= To do =
Copy all records exactly; omit pictures.

= Records to process =
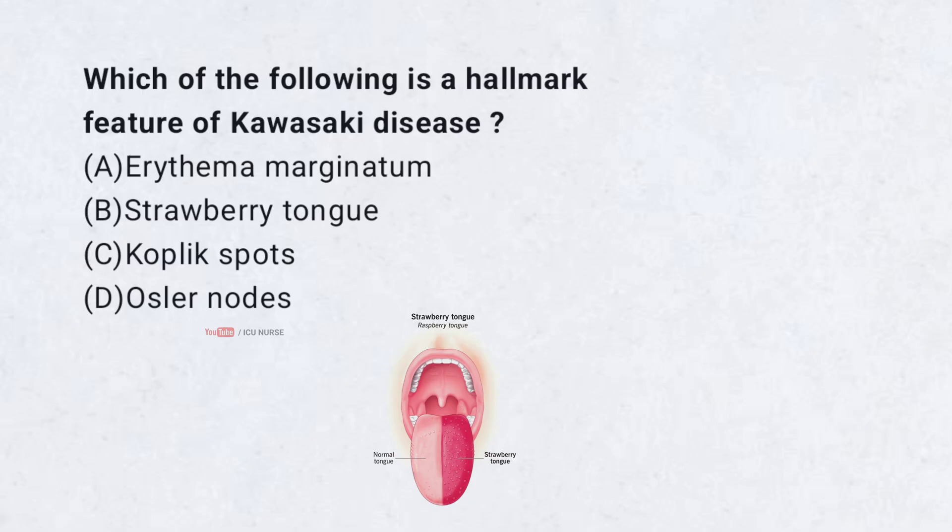Which of the following is a hallmark feature of Kawasaki disease? A. Erythema marginatum. B. Strawberry tongue. C. Koplik spots. D. Osler nodes. The correct answer is B. Strawberry tongue.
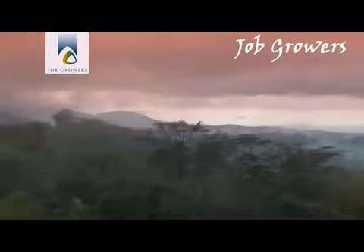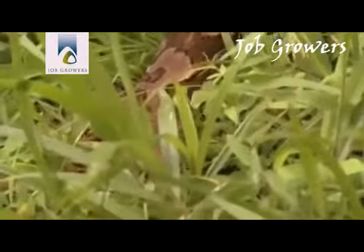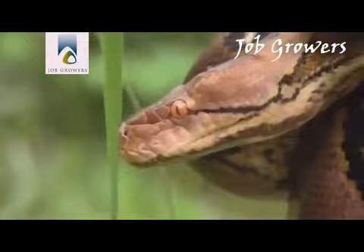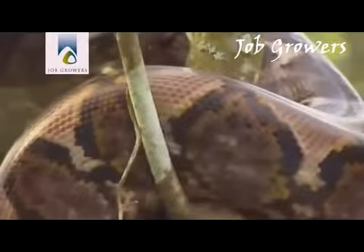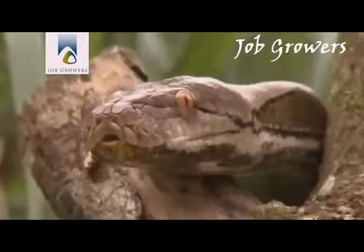Humid rainforests, rivers, and dark caves give the snake the cover it needs to hide its massive body while it waits in ambush. It uses its intercrossed or reticulated pattern to blend into its surroundings.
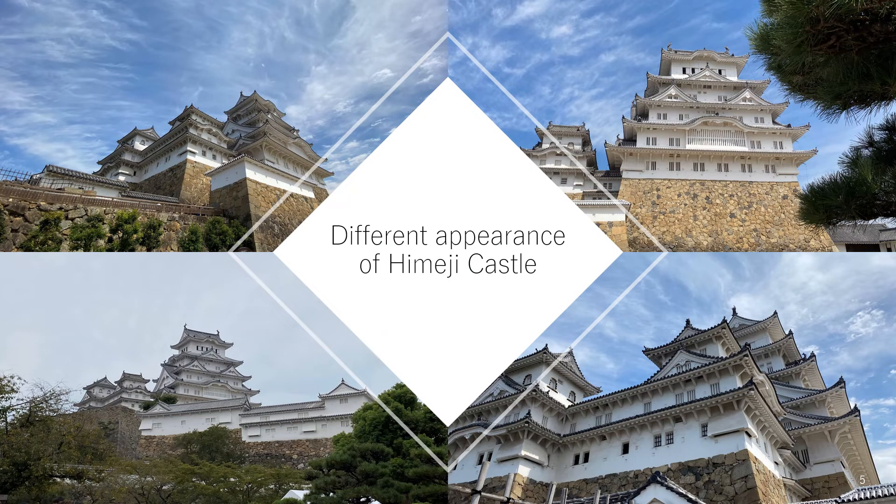Second, several appearances. Himeji Castle is a structure in which multiple towers are complexly combined. So when you look at Himeji Castle from different viewpoints, you see a different appearance. It shows a simple beauty from the front viewpoint, and it has multiplexing towers for defense, so it shows complex appearances from viewpoints other than the front.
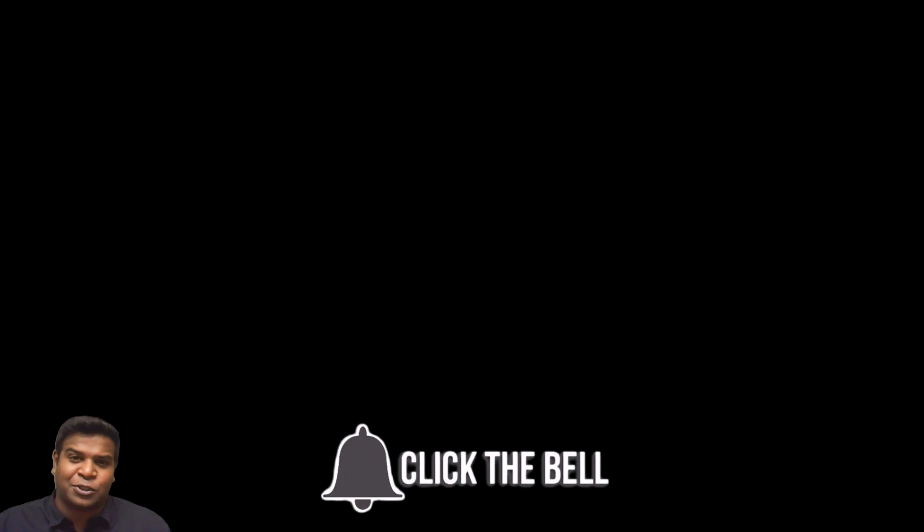I am Praveen Mohan, thanks a lot for watching. Don't forget to subscribe and also click on the bell button to get all the updates. If you enjoyed this video, please give it a thumbs up and share it with your friends. I will talk to you soon.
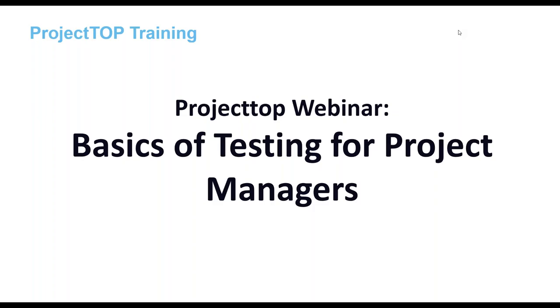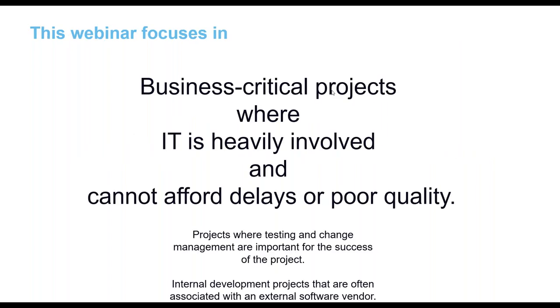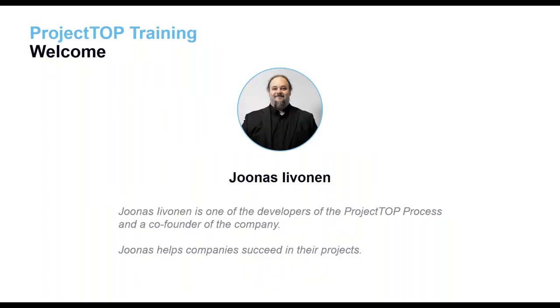Hello everyone and welcome to the Project.top webinar: Basics of Testing for Project Managers. This webinar is intended for projects that are business critical, where testing is heavily involved and you cannot afford delays or poor quality — projects like software implementations, ERP, CRM, e-commerce, and similar. My name is Jonas and I'm a co-founder here at Project.top and one of the developers of the Project.top process.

= Task response =
Which of the following is a hallmark feature of Kawasaki disease? A. Erythema marginatum. B. Strawberry tongue. C. Koplik spots. D. Osler nodes. The correct answer is B. Strawberry tongue.
Humid rainforests, rivers, and dark caves give the snake the cover it needs to hide its massive body while it waits in ambush. It uses its intercrossed or reticulated pattern to blend into its surroundings.
Second, several appearances. Himeji Castle is a structure in which multiple towers are complexly combined. So when you look at Himeji Castle from different viewpoints, you see a different appearance. It shows a simple beauty from the front viewpoint, and it has multiplexing towers for defense, so it shows complex appearances from viewpoints other than the front.
I am Praveen Mohan, thanks a lot for watching. Don't forget to subscribe and also click on the bell button to get all the updates. If you enjoyed this video, please give it a thumbs up and share it with your friends. I will talk to you soon.
Hello everyone and welcome to the Project.top webinar: Basics of Testing for Project Managers. This webinar is intended for projects that are business critical, where testing is heavily involved and you cannot afford delays or poor quality — projects like software implementations, ERP, CRM, e-commerce, and similar. My name is Jonas and I'm a co-founder here at Project.top and one of the developers of the Project.top process.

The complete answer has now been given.